"73.11.02": è questo il codice Ateco per influencer e content creator, una categoria che l’Inps ha deciso di riconoscere ufficialmente, dotandola di norme contributive e previdenziali e permettendo a chi oggi si agita sui social di andare in pensione un giorno ancora lontano, quando le nuove tecnologie avranno reso anche loro oggetti da museo.
Ma è anche, ovviamente, un modo per dare una regolata alla “creator economy”, un segmento che dà lavoro a circa 18mila professionisti e produce ricavi per circa quattro miliardi all’anno, almeno secondo quanto risulta dai dati dell’Aicdc (Associazione Italiana Content Digital Creators) e dell’Icom (Istituto per la Competitività). Mediamente, secondo l’associazione di categoria, i creatori di contenuti digitali possono contare su entrate economiche pari a 84mila euro all’anno, e con una presenza di 82 influencer ogni 100.000 abitanti, l’Italia è il terzo Paese in Europa per numero di professionisti del settore, alle spalle di Spagna e Regno Unito.
Secondo Massimo Bitonci, sottosegretario al Mimit, è il segno della volontà politica di regolamentare queste nuove professioni: “Sono 450 le professioni non ordinistiche e sono quasi sempre costituite da giovani. E sono professioni che vogliono regolamentarsi. Per questa ragione abbiamo fortemente voluto un tavolo di confronto con le associazioni che le rappresentano”.

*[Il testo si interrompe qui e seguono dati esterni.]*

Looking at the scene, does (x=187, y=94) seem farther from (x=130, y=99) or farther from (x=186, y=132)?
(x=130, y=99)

Sull’argomento è intervenuta anche la Ministra del Lavoro Marina Calderone: “I cambiamenti del mercato del lavoro e delle tecnologie portano alla definizione continua di nuove attività professionali, e occorre affrontare questa sfida e agire attraverso due modalità: da un lato includere i lavoratori nel sistema di protezione della previdenza sociale, dall'altro favorire, all'interno di questo sistema generale, il pieno recupero contributivo dei periodi in cui si svolgono lavori diversi, così da poterli cumulare in modo gratuito”.
Quanto basta, insomma, per spingere l’Inps e l’Aicdc a presentare nei giorni scorsi a Roma una bozza della circolare che racchiude le norme contributive e previdenziali della categoria, vedendosi riconoscere la professione, pagando le tasse e, come tutti, accumulando denaro che un giorno servirà per la pensione. Un dettaglio, quest’ultimo, che, secondo Antonio Pone, direttore generale vicario dell’Inps, porterà gli influencer “a pagare sin dal primo giorno di attività: la norma proporrà uno schema chiaro a cui sarà possibile allinearsi progressivamente”, in modo autonomo o attraverso i propri commercialisti.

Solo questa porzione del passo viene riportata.